_EXERCISE:_ Beginning with the first line of the data below, set down each line exactly through the line that contains "Now here under".

_Saved data entries:_

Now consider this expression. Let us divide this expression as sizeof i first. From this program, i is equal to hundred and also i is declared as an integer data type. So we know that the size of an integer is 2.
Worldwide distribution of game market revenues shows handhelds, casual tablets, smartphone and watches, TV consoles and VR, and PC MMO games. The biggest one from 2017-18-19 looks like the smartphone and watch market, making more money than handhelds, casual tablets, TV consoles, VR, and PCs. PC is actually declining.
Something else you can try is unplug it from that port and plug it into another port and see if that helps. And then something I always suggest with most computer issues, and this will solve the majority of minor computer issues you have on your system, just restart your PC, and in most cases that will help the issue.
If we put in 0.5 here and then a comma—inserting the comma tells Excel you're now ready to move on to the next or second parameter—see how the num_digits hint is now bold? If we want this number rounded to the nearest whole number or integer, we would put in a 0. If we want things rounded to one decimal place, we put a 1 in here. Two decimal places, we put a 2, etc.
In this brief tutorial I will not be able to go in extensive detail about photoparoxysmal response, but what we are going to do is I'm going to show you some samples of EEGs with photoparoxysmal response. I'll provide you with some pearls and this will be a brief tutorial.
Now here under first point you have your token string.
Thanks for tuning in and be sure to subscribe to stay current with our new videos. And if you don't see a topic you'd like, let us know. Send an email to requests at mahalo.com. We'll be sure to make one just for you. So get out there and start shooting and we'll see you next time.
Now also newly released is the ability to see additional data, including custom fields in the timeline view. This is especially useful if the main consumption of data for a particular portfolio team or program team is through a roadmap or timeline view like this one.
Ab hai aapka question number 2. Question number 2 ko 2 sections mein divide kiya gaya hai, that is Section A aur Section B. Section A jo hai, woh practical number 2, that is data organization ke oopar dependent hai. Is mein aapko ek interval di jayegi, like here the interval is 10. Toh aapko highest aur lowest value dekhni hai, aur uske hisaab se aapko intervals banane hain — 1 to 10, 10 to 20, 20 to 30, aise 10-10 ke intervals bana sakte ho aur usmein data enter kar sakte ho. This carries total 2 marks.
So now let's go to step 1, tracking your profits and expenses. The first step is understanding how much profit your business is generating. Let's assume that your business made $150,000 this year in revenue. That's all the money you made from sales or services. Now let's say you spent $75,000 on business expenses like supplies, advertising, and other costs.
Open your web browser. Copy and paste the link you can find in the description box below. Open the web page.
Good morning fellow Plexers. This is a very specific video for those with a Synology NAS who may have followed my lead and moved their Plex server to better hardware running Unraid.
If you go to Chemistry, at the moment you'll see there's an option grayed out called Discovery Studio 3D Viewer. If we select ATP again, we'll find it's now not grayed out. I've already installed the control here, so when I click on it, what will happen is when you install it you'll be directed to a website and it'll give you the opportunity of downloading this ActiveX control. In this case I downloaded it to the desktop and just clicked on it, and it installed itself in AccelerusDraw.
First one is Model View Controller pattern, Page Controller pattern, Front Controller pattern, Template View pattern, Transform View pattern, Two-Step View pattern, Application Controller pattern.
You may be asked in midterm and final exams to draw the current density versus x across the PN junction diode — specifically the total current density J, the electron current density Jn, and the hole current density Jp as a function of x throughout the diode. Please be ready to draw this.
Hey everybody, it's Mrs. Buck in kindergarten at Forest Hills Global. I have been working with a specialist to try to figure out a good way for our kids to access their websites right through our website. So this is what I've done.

_ANSWER BOX:_
Now consider this expression. Let us divide this expression as sizeof i first. From this program, i is equal to hundred and also i is declared as an integer data type. So we know that the size of an integer is 2.
Worldwide distribution of game market revenues shows handhelds, casual tablets, smartphone and watches, TV consoles and VR, and PC MMO games. The biggest one from 2017-18-19 looks like the smartphone and watch market, making more money than handhelds, casual tablets, TV consoles, VR, and PCs. PC is actually declining.
Something else you can try is unplug it from that port and plug it into another port and see if that helps. And then something I always suggest with most computer issues, and this will solve the majority of minor computer issues you have on your system, just restart your PC, and in most cases that will help the issue.
If we put in 0.5 here and then a comma—inserting the comma tells Excel you're now ready to move on to the next or second parameter—see how the num_digits hint is now bold? If we want this number rounded to the nearest whole number or integer, we would put in a 0. If we want things rounded to one decimal place, we put a 1 in here. Two decimal places, we put a 2, etc.
In this brief tutorial I will not be able to go in extensive detail about photoparoxysmal response, but what we are going to do is I'm going to show you some samples of EEGs with photoparoxysmal response. I'll provide you with some pearls and this will be a brief tutorial.
Now here under first point you have your token string.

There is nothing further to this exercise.